[Given records Boundary: Start]
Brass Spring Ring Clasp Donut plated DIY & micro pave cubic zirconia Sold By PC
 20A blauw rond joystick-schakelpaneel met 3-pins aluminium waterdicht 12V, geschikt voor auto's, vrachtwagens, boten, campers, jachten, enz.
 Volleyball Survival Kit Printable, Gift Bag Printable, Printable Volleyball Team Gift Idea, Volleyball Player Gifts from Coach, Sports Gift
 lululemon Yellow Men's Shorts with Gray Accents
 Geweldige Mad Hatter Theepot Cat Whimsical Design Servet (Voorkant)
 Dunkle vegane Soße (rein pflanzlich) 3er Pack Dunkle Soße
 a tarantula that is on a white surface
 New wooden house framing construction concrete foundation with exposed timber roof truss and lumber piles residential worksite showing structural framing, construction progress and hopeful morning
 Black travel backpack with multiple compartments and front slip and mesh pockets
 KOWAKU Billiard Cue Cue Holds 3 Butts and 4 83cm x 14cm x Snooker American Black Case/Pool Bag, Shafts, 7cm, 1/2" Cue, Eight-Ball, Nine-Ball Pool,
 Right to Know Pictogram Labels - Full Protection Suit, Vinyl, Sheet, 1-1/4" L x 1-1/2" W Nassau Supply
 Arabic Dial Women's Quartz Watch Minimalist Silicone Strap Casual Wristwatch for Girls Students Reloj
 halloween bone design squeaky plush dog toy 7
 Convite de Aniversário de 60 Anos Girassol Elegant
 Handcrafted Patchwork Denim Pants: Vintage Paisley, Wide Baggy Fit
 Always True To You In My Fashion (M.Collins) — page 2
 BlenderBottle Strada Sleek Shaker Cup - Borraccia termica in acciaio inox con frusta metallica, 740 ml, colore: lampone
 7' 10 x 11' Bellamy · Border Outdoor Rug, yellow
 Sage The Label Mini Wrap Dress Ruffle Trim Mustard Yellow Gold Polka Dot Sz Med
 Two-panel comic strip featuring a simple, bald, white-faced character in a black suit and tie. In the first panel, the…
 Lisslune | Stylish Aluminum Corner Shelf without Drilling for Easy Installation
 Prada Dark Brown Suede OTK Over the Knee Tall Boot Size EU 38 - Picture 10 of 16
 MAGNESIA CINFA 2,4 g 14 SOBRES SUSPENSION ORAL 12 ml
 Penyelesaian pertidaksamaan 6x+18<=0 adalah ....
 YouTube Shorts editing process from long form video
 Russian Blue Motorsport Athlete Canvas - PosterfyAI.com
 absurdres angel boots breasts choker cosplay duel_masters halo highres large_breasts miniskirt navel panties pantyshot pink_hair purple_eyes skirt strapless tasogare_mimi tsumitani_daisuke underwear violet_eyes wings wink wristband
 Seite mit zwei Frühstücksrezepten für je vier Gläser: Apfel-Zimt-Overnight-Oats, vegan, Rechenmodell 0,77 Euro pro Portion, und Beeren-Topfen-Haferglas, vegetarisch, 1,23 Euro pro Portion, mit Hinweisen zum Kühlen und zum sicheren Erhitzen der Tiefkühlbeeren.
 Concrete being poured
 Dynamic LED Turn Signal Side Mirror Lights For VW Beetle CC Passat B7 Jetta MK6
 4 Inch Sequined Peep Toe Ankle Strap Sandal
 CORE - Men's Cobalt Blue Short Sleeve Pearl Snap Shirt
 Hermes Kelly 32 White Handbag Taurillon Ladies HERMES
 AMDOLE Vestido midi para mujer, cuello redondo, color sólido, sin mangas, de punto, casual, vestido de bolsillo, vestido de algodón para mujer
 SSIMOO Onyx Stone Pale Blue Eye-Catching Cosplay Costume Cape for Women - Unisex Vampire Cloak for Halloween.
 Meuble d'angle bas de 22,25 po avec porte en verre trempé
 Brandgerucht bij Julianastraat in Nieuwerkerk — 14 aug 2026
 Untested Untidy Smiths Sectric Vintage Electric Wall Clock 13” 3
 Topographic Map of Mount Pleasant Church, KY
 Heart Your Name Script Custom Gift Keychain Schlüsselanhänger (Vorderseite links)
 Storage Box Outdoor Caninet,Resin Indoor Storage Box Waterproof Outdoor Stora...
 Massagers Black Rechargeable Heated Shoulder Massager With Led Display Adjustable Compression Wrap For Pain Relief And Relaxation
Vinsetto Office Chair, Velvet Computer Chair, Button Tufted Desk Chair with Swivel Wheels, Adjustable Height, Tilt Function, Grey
[Given records Boundary: End]
Goal of the exercise ▸ Whatever else the listing above holds, retype exactly only the lines from the one containing "Geweldige Mad Hatter" to the one containing "a tarantula that is on a white surface", both ends kept.

Output for this task ▸
 Geweldige Mad Hatter Theepot Cat Whimsical Design Servet (Voorkant)
 Dunkle vegane Soße (rein pflanzlich) 3er Pack Dunkle Soße
 a tarantula that is on a white surface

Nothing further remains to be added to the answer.